Description of the task: Look through the data below for the line with "Generic 2 pairs", and transcribe it exactly together with each line after it up to and including the line with "Bundaberg Ginger Beer". Give nothing else.

Information shown:
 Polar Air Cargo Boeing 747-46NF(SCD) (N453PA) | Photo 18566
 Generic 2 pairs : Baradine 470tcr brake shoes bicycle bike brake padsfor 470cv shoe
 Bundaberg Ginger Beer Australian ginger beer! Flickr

--

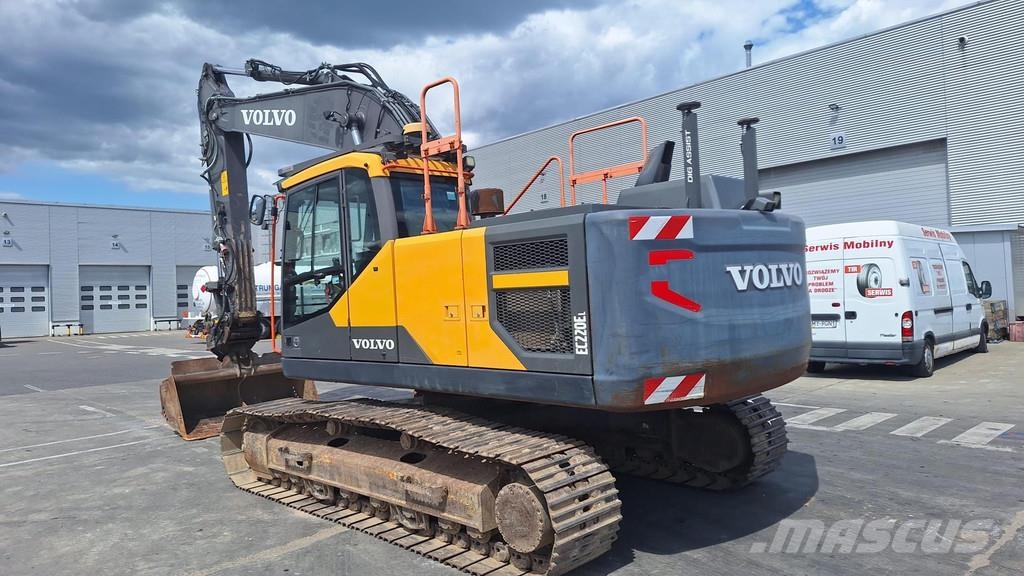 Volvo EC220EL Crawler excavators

Solution to this exercise:
 Generic 2 pairs : Baradine 470tcr brake shoes bicycle bike brake padsfor 470cv shoe
 Bundaberg Ginger Beer Australian ginger beer! Flickr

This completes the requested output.